- [What this task involves]
Images are to be excluded, and the rest of the data repeated exactly.

- [Information shown]
+===+

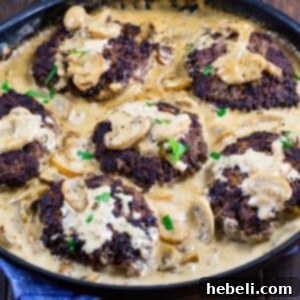 Hamburger Steaks with Bourbon Mushroom Gravy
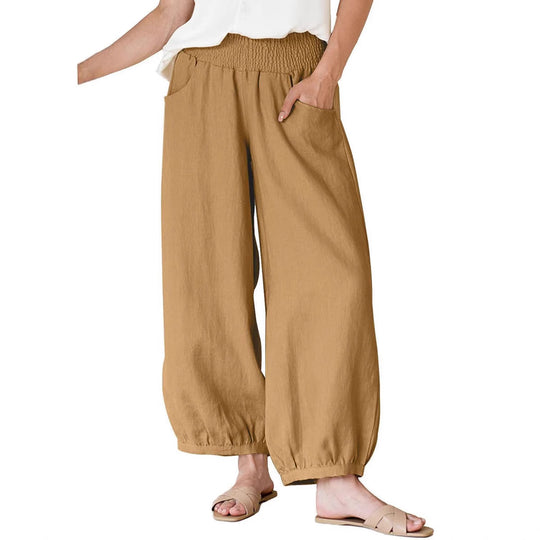 Damen weite Hose mit elastischem Bund und praktischen Seitentaschen EB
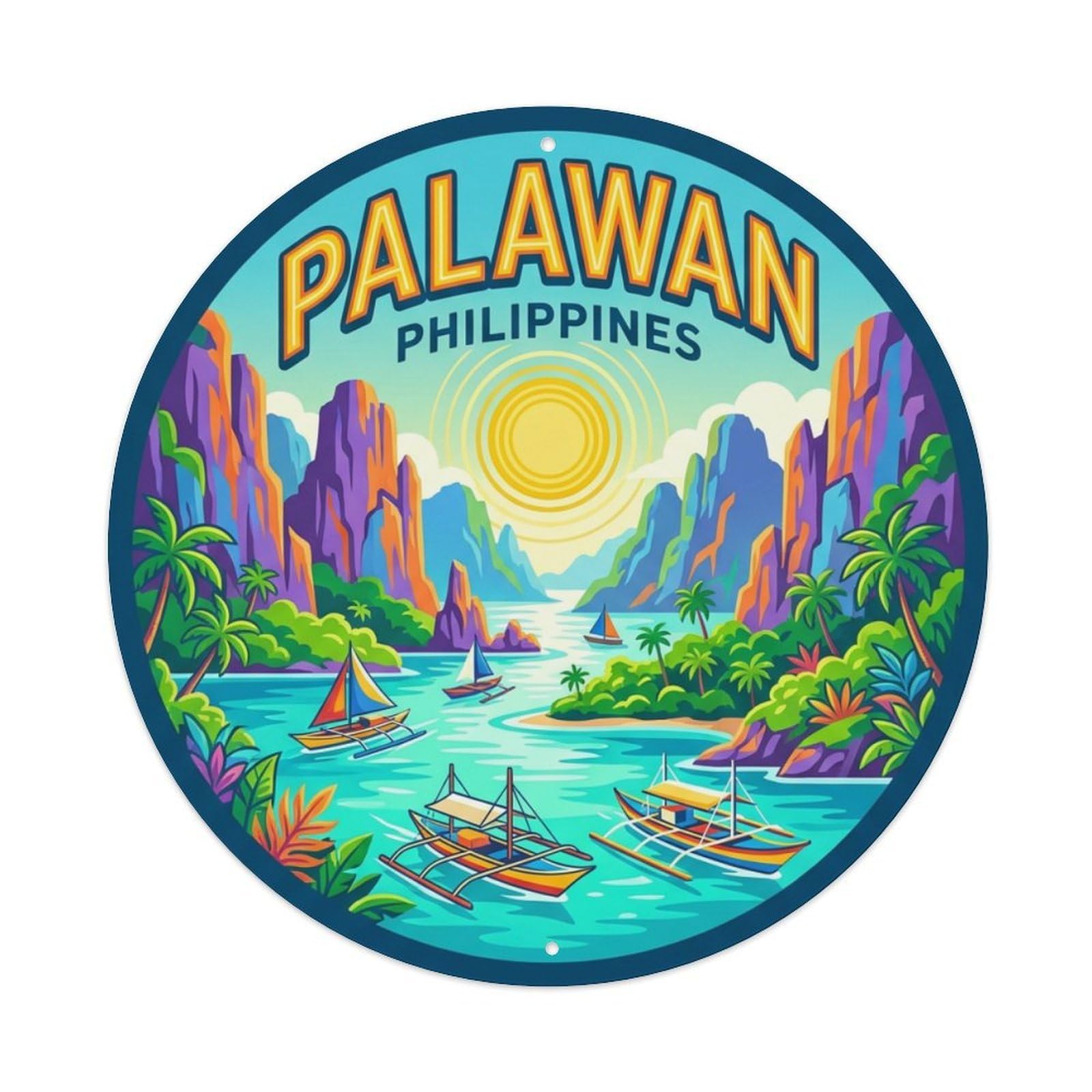 Philippines Vintage Travel Palawan Metal Tin Sign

+===+

- [Your solution]
 Hamburger Steaks with Bourbon Mushroom Gravy
 Damen weite Hose mit elastischem Bund und praktischen Seitentaschen EB
 Philippines Vintage Travel Palawan Metal Tin Sign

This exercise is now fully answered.